*** Opening of Material provided ***

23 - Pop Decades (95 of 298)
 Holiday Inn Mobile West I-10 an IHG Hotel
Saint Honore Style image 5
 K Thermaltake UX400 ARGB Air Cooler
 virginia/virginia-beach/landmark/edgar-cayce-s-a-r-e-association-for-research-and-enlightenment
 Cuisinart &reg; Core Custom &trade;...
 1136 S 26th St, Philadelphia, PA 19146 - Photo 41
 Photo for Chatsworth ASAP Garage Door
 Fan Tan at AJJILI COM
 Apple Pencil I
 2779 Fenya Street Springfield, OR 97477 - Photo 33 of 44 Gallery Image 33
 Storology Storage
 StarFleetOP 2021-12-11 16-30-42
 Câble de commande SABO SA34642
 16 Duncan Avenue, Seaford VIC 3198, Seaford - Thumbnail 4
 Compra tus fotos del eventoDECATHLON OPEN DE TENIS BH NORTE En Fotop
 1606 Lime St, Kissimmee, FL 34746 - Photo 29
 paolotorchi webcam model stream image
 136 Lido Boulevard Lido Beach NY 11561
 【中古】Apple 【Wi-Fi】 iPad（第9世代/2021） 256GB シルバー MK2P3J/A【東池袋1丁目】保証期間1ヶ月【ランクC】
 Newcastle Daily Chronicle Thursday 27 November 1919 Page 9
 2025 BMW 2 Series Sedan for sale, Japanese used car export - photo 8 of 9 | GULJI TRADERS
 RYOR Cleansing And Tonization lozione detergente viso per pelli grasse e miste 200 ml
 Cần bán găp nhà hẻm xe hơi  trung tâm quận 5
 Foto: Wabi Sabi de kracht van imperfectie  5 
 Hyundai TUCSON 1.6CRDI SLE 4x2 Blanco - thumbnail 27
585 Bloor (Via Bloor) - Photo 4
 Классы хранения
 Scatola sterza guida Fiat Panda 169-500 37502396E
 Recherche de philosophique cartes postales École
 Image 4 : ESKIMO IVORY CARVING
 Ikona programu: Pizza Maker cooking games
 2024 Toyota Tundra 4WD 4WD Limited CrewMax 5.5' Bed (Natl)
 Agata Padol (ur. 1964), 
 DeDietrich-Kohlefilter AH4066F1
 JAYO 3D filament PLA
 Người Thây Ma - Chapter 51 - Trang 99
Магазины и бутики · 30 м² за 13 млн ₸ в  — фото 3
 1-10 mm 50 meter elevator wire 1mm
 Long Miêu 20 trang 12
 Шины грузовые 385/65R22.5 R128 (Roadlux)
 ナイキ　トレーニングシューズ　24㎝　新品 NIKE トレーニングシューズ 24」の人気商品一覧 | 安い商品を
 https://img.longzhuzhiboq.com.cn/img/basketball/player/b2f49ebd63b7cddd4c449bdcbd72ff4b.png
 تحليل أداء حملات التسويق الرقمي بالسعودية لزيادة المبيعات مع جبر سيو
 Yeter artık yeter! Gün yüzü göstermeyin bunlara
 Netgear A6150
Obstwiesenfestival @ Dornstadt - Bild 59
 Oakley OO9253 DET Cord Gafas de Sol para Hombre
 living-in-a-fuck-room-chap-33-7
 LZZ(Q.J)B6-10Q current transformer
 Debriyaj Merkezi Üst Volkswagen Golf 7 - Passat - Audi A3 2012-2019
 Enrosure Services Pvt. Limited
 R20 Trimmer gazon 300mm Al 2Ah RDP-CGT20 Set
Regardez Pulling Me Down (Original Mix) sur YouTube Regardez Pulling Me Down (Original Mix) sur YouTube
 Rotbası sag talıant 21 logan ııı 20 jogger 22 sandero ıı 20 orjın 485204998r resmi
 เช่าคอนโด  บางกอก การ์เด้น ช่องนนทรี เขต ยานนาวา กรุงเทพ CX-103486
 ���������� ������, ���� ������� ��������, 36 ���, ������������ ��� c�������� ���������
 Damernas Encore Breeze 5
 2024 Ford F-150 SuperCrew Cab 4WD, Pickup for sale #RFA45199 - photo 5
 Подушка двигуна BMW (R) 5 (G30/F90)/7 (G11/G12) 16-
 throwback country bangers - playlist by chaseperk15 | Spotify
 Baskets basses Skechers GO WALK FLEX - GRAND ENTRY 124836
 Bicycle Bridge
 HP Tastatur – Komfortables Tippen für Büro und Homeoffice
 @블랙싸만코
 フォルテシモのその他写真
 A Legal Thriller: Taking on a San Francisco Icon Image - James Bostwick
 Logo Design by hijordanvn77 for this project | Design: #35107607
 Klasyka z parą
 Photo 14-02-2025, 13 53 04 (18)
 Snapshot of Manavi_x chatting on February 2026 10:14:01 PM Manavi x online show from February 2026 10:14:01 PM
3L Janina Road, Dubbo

*** Close of Material provided ***

Exercise: Print every record above. Keep each one exactly as it is.

Output below:
23 - Pop Decades (95 of 298)
 Holiday Inn Mobile West I-10 an IHG Hotel
Saint Honore Style image 5
 K Thermaltake UX400 ARGB Air Cooler
 virginia/virginia-beach/landmark/edgar-cayce-s-a-r-e-association-for-research-and-enlightenment
 Cuisinart &reg; Core Custom &trade;...
 1136 S 26th St, Philadelphia, PA 19146 - Photo 41
 Photo for Chatsworth ASAP Garage Door
 Fan Tan at AJJILI COM
 Apple Pencil I
 2779 Fenya Street Springfield, OR 97477 - Photo 33 of 44 Gallery Image 33
 Storology Storage
 StarFleetOP 2021-12-11 16-30-42
 Câble de commande SABO SA34642
 16 Duncan Avenue, Seaford VIC 3198, Seaford - Thumbnail 4
 Compra tus fotos del eventoDECATHLON OPEN DE TENIS BH NORTE En Fotop
 1606 Lime St, Kissimmee, FL 34746 - Photo 29
 paolotorchi webcam model stream image
 136 Lido Boulevard Lido Beach NY 11561
 【中古】Apple 【Wi-Fi】 iPad（第9世代/2021） 256GB シルバー MK2P3J/A【東池袋1丁目】保証期間1ヶ月【ランクC】
 Newcastle Daily Chronicle Thursday 27 November 1919 Page 9
 2025 BMW 2 Series Sedan for sale, Japanese used car export - photo 8 of 9 | GULJI TRADERS
 RYOR Cleansing And Tonization lozione detergente viso per pelli grasse e miste 200 ml
 Cần bán găp nhà hẻm xe hơi  trung tâm quận 5
 Foto: Wabi Sabi de kracht van imperfectie  5 
 Hyundai TUCSON 1.6CRDI SLE 4x2 Blanco - thumbnail 27
585 Bloor (Via Bloor) - Photo 4
 Классы хранения
 Scatola sterza guida Fiat Panda 169-500 37502396E
 Recherche de philosophique cartes postales École
 Image 4 : ESKIMO IVORY CARVING
 Ikona programu: Pizza Maker cooking games
 2024 Toyota Tundra 4WD 4WD Limited CrewMax 5.5' Bed (Natl)
 Agata Padol (ur. 1964), 
 DeDietrich-Kohlefilter AH4066F1
 JAYO 3D filament PLA
 Người Thây Ma - Chapter 51 - Trang 99
Магазины и бутики · 30 м² за 13 млн ₸ в  — фото 3
 1-10 mm 50 meter elevator wire 1mm
 Long Miêu 20 trang 12
 Шины грузовые 385/65R22.5 R128 (Roadlux)
 ナイキ　トレーニングシューズ　24㎝　新品 NIKE トレーニングシューズ 24」の人気商品一覧 | 安い商品を
 https://img.longzhuzhiboq.com.cn/img/basketball/player/b2f49ebd63b7cddd4c449bdcbd72ff4b.png
 تحليل أداء حملات التسويق الرقمي بالسعودية لزيادة المبيعات مع جبر سيو
 Yeter artık yeter! Gün yüzü göstermeyin bunlara
 Netgear A6150
Obstwiesenfestival @ Dornstadt - Bild 59
 Oakley OO9253 DET Cord Gafas de Sol para Hombre
 living-in-a-fuck-room-chap-33-7
 LZZ(Q.J)B6-10Q current transformer
 Debriyaj Merkezi Üst Volkswagen Golf 7 - Passat - Audi A3 2012-2019
 Enrosure Services Pvt. Limited
 R20 Trimmer gazon 300mm Al 2Ah RDP-CGT20 Set
Regardez Pulling Me Down (Original Mix) sur YouTube Regardez Pulling Me Down (Original Mix) sur YouTube
 Rotbası sag talıant 21 logan ııı 20 jogger 22 sandero ıı 20 orjın 485204998r resmi
 เช่าคอนโด  บางกอก การ์เด้น ช่องนนทรี เขต ยานนาวา กรุงเทพ CX-103486
 ���������� ������, ���� ������� ��������, 36 ���, ������������ ��� c�������� ���������
 Damernas Encore Breeze 5
 2024 Ford F-150 SuperCrew Cab 4WD, Pickup for sale #RFA45199 - photo 5
 Подушка двигуна BMW (R) 5 (G30/F90)/7 (G11/G12) 16-
 throwback country bangers - playlist by chaseperk15 | Spotify
 Baskets basses Skechers GO WALK FLEX - GRAND ENTRY 124836
 Bicycle Bridge
 HP Tastatur – Komfortables Tippen für Büro und Homeoffice
 @블랙싸만코
 フォルテシモのその他写真
 A Legal Thriller: Taking on a San Francisco Icon Image - James Bostwick
 Logo Design by hijordanvn77 for this project | Design: #35107607
 Klasyka z parą
 Photo 14-02-2025, 13 53 04 (18)
 Snapshot of Manavi_x chatting on February 2026 10:14:01 PM Manavi x online show from February 2026 10:14:01 PM
3L Janina Road, Dubbo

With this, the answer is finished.